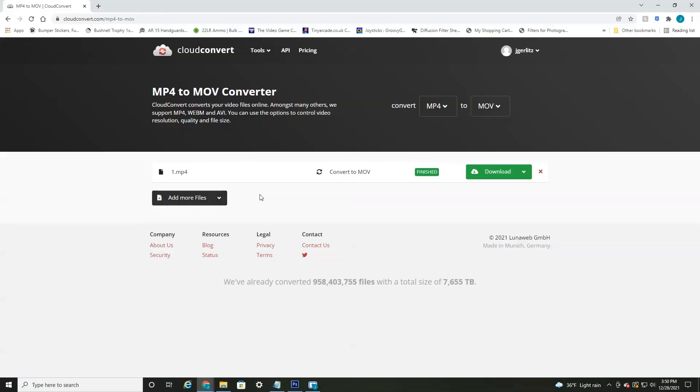So hope you found this video informative on how to convert a video to any format or actually any type of format, regardless of what you're uploading. So if you found this video informative, please give it a like and hope to see you in the next video. Bye.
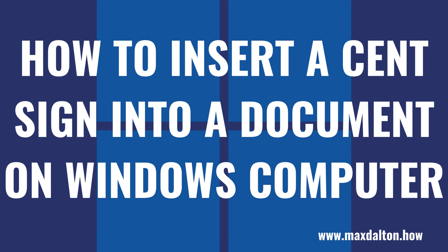What's up everyone. I'm Max Dalton, and in this video I'll show you how to insert a cent sign icon into documents on your Windows computer.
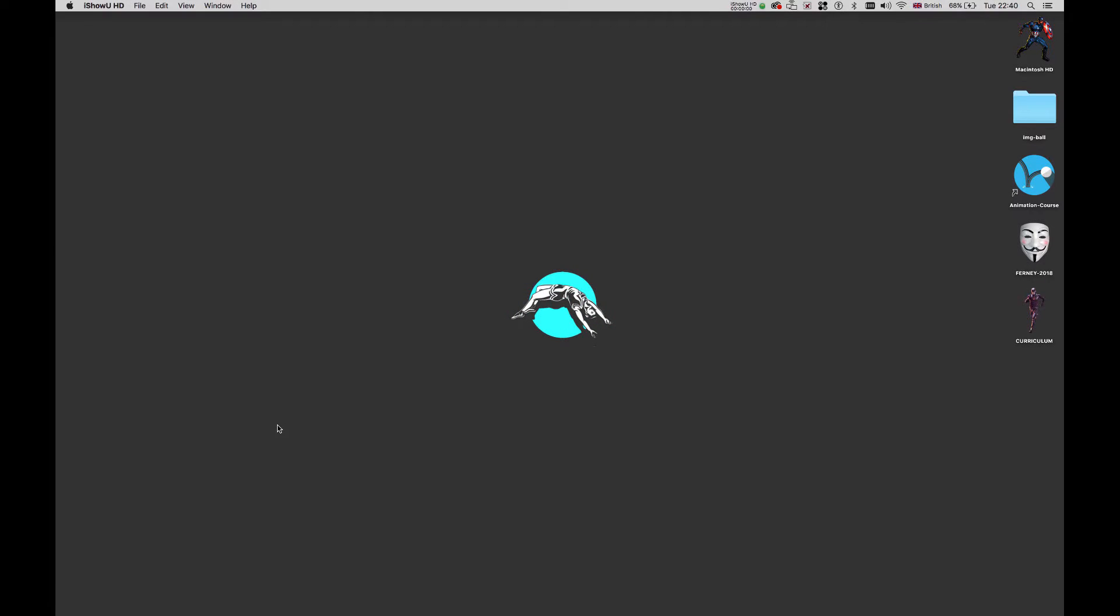Hello, today I'm going to show you how to make a QuickTime movie from a file in Adobe Animate.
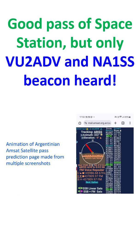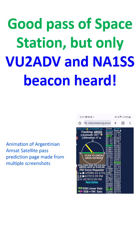Doppler tracking was done manually during the pass, looking at the display on the Argentinian AMSAT satellite pass prediction page.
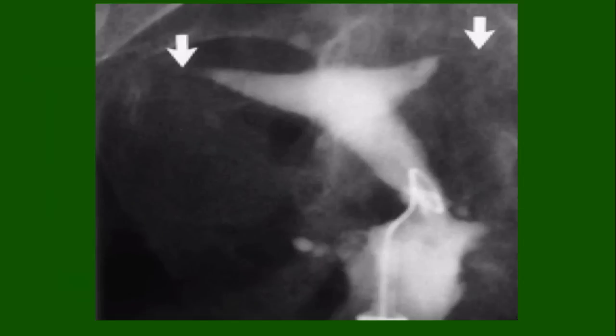Here we see a patient who has bilateral proximal tubal occlusion as identified by the arrows. The uterus is normal in its shape and contour, but no dye is seen getting into the fallopian tubes. Our last image is of a woman who had pelvic inflammatory disease and now has bilateral hydrosalpinx, as seen by the very large dilation of the ampullary portions of the fallopian tube on each side. This is a common cause for tubal infertility.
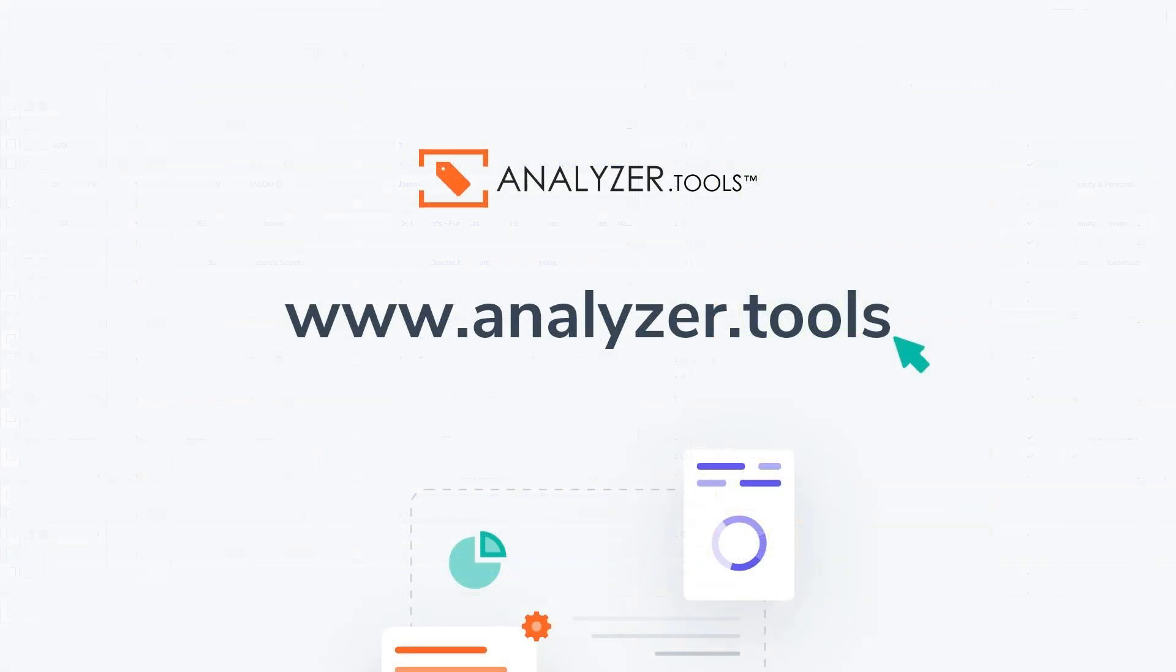I hope you guys find this information useful. If so, let us know what you think. We're on X, Facebook, or you could send us an email at support at analyzer dot tools. Enjoy it.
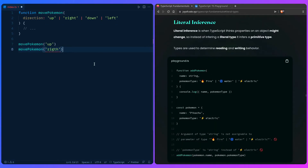Let's talk about another spooky sounding term: literal inference. Literal inference is when TypeScript thinks properties on an object might change, so instead of inferring a literal type, it infers a primitive type — exactly what we've seen before.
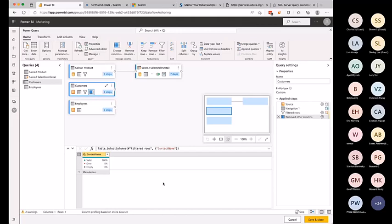On licensing for data flows: data flows come in two flavors — Power BI data flows and Power Apps/Power Platform data flows. For Power BI data flows, the minimum license required is Power BI Pro to access workspaces where data flows live. If you have Premium or Premium Per User, data flows are included as part of that bundle.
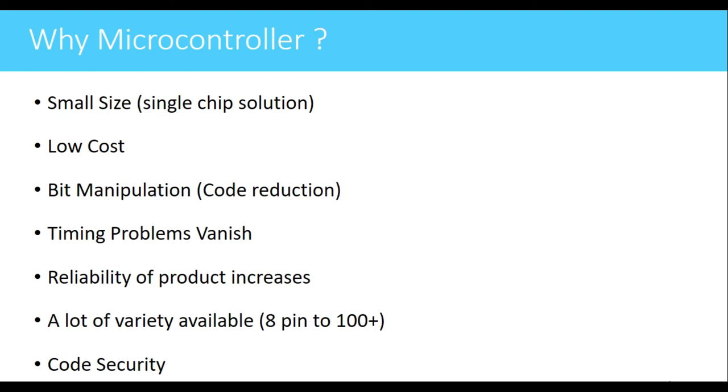This is a single chip solution. In a single chip, different peripherals can be included, so the size becomes small of the system.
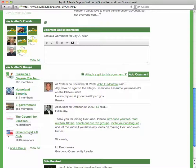Give this powerful search tool a try and get connecting. Thanks for being a member of GovLoop and keep being awesome.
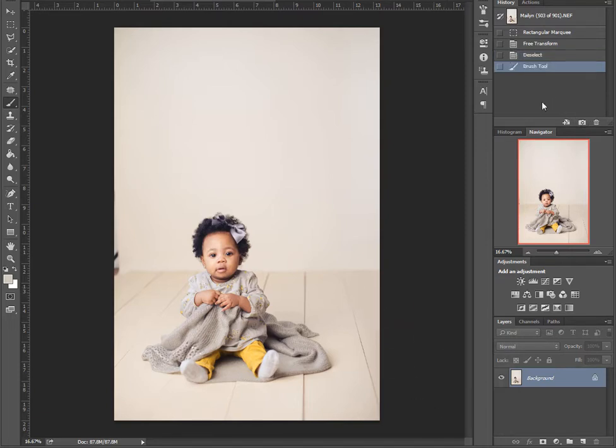And there you have it — how to extend your background in Photoshop. Hope that helps. We'll see you next time.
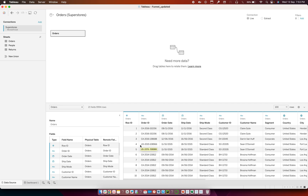Hi friends, welcome to my channel Tableau Tricks. In today's video we're going to discuss funnel charts. We will see what are the different techniques to create a funnel chart, but before that let's see what a funnel chart is all about. A funnel chart is used to display a given quantity through different stages or different categories.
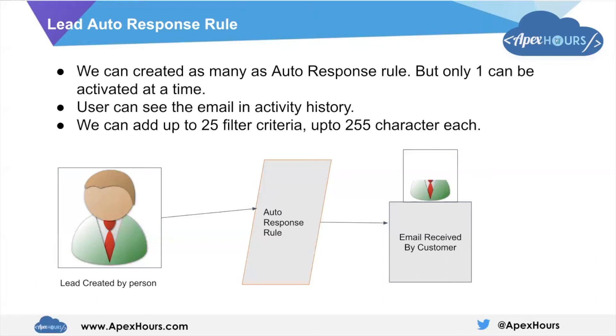We can create as many auto response rules, but only one can be activated at a time. Users can see this email in activity history also. We can add up to 25 filter criteria, up to 255 characters each. Let's see this in action now.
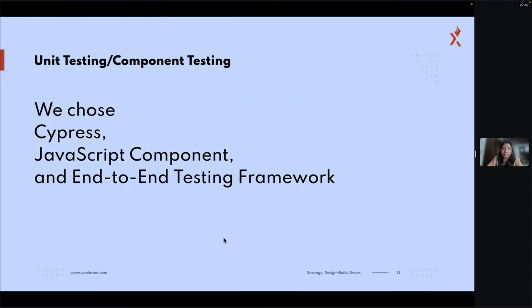For unit and component testing: currently, development testing only checks functional testing. Let us ensure that developers also test accessibility issues as part of unit testing, so that obvious scenarios are covered early. The testing team can then cover more negative scenarios for accessibility. We should consider accessibility as part of unit testing, which will help ensure our product has accessibility guidelines incorporated from the development phase itself.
########################################
**WHAT THIS TASK INVOLVES**
For this exercise, please set down exactly the lines of the listing above from the line with "Give this powerful" up to and including the line with "And there you", and no pictures.

**RESPONSE TO THIS EXERCISE**
Give this powerful search tool a try and get connecting. Thanks for being a member of GovLoop and keep being awesome.
And there you have it — how to extend your background in Photoshop. Hope that helps. We'll see you next time.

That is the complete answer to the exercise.